Starting this quarter, we will provide throughput and operating cost guidance by refinery.

Our third quarter guidance is as follows. We expect crude oil throughput at El Paso to be approximately 120,000 to 125,000 per day and total throughput to be approximately 130,000 to 135,000 barrels per day. We expect crude oil throughput at Gallup to be approximately 22,000 to 24,000 barrels per day and total throughput to be approximately 23,000 to 25,000 barrels per day.

In the third quarter we expect operating costs to be approximately $3.50 per barrel at the El Paso Refinery and approximately $6.25 per barrel at the Gallup Refinery.

We expect total SG&A in the third quarter to be approximately $21.5 million. Interest expense will be about $37.5 million and depreciation and amortization will be approximately $35 million for the quarter.

Capital expenditures for the full year of 2010 will be about $100 million. Approximately 80% of the spending will be for regulatory projects and the remaining for ongoing maintenance expenditures.

The following Yorktown operating guidance is for the months of July and August only as we anticipate a mid-September shutdown. We expect crude oil throughput at Yorktown to be approximately 50,000 to 55,000 barrels per day and total throughput to be approximately 65,000 to 70,000 barrels a day. We expect operating costs to be approximately $4.75 per barrel at the Yorktown Refinery.

Lastly, with respect to the decision to suspend refining operations at Yorktown, the company will incur a onetime cash shutdown cost of approximately $13 million during the last six months of 2010.

We also expect to realize a onetime cash generation of approximately $50 million in Q3 as a result of partially liquidating working capital. We anticipate that by the end of 2010 the terminal operations will generate approximately $20,000 to $25,000 million in annualized EBITDA.

Over the past four quarters, the Yorktown refinery has produced a negative EBITDA of approximately $60 million. Therefore if recent market conditions persist, by suspending refining operations we will achieve significant EBITDA improvement going forward.

In total, when we combine the change in EBITDA, reduced CapEx, and turnaround cost deferral, the cash flow improvement in 2011 could be approximately $100 million to $120 million.

Thank you. I’ll now turn the call back over to Jeff Stevens.

Jeff Stevens

Thanks Gary. To wrap up, we are pleased with the financial results in the quarter but we recognize that we cannot rely on margin improvement alone. As I’ve shared, we are proactively addressing our businesses challenges and with the strength of our southwest business, Western is well positioned for the future.

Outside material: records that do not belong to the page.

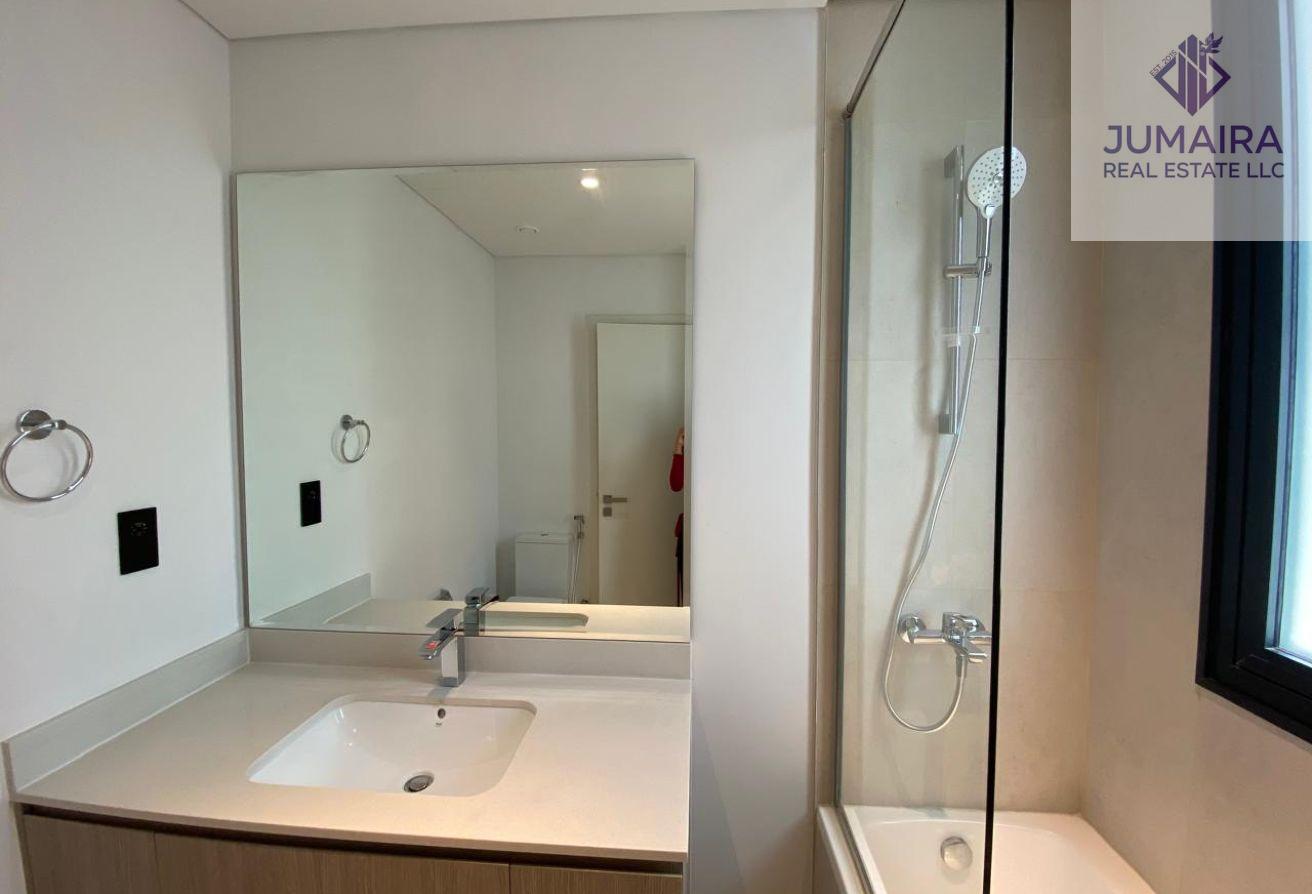 2 Bedroom + maids | Semi Detached | Canal View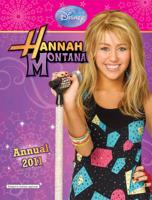 Disney Hannah Montana Annual 2011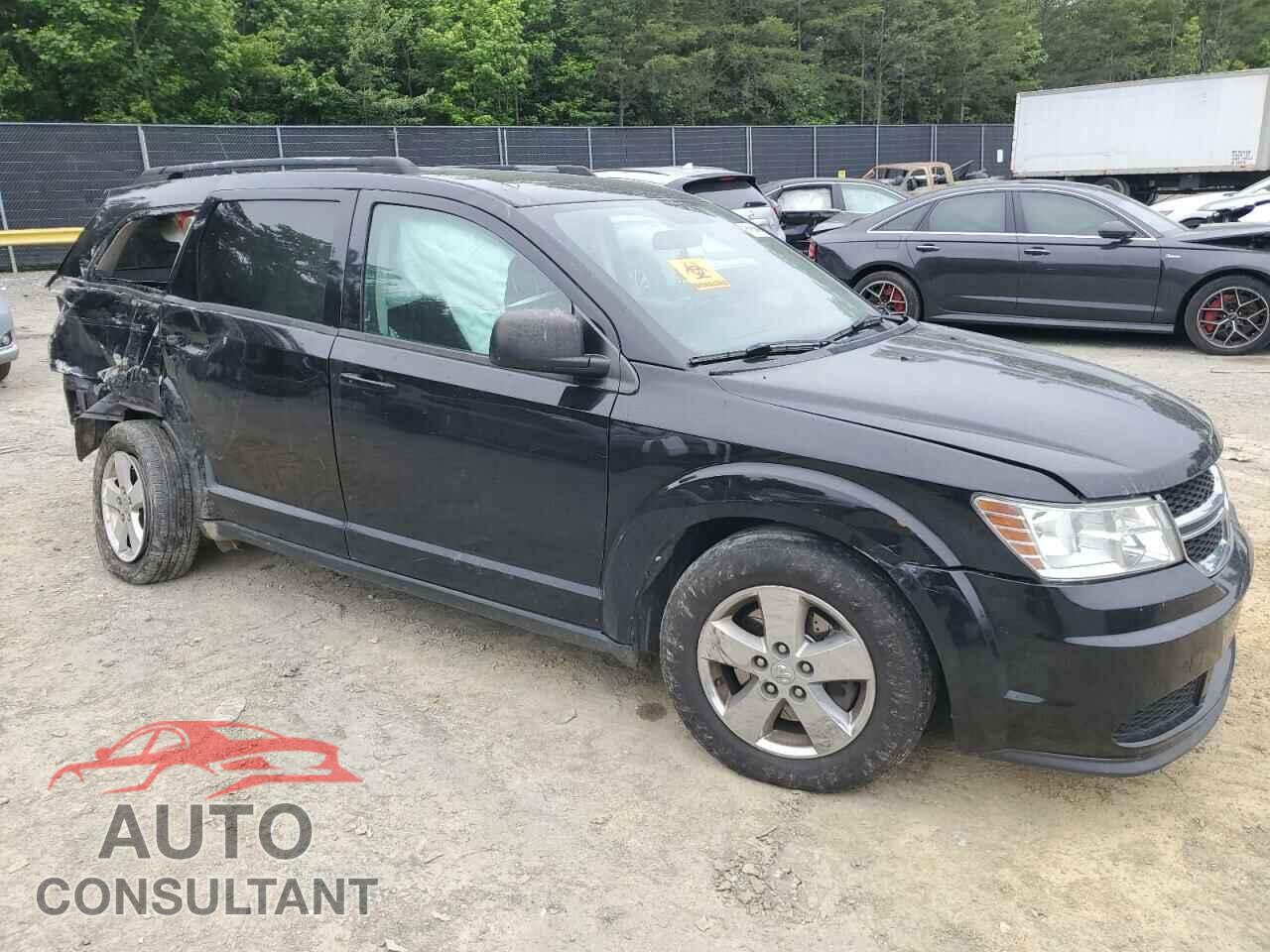 DODGE JOURNEY 2017 - 3C4PDCAB2HT582136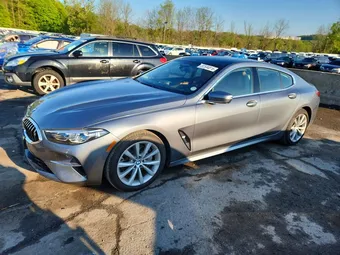 2020 BMW 8 Series WBAGV4C08LCD25419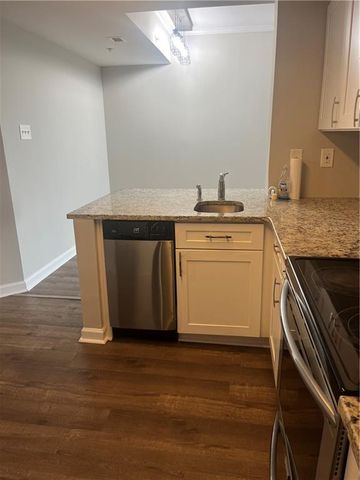 199 14th NE Street 1701, Atlanta, GA 30309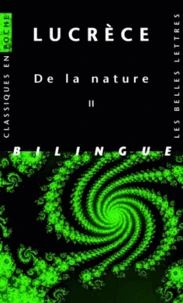 De la nature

We’ll now open up the call for questions.

Question-and-Answer Session

Operator

(Operator Instructions) Your first question is coming from the line of Jeff Dietert of Simmons.

Jeff Dietert – Simmons

Could you talk about your approach at Yorktown in sustaining operations and how you’re managing flexibility to restart in the event that margins improve? And give us an indication as to what your criteria would be in order to consider a restart.

Jeff Stevens

We are going through a process right now of going through a safe shutdown. Our first goal, obviously is to maximize the inventories there and turn as much of the product into high value product as we can. Once we complete that, we’ll go through a complete inspection of the whole facility and all the equipment. We will then go through a process of lining up the equipment, laying down nitrogen and other things to preserve the ability to restart the equipment.

So, this whole process will probably take the next 60 to 90 days to go through. We’ll probably be done running the products sometime in that first or second week of September and then we’ll through a complete shutdown, tank cleaning and an inspection of all the facility.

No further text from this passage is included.